The data below:

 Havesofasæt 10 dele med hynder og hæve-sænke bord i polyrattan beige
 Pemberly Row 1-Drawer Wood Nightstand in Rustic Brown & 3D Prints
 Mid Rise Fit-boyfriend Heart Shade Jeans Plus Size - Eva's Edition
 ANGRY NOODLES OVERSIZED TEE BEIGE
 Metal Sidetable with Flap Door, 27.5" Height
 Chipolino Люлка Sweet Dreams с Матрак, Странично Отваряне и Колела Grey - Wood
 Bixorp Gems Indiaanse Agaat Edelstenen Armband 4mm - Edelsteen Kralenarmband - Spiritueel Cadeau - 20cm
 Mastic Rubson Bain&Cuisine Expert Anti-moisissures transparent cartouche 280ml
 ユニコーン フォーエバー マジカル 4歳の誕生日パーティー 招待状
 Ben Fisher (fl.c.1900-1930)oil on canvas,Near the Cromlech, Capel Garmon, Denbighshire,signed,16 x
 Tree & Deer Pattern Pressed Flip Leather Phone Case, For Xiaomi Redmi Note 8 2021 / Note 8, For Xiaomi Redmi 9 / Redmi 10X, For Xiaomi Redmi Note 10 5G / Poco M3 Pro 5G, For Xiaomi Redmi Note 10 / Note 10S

End of The data.

Copy each line of the preceding material that contains "Wood".

 Pemberly Row 1-Drawer Wood Nightstand in Rustic Brown & 3D Prints
 Chipolino Люлка Sweet Dreams с Матрак, Странично Отваряне и Колела Grey - Wood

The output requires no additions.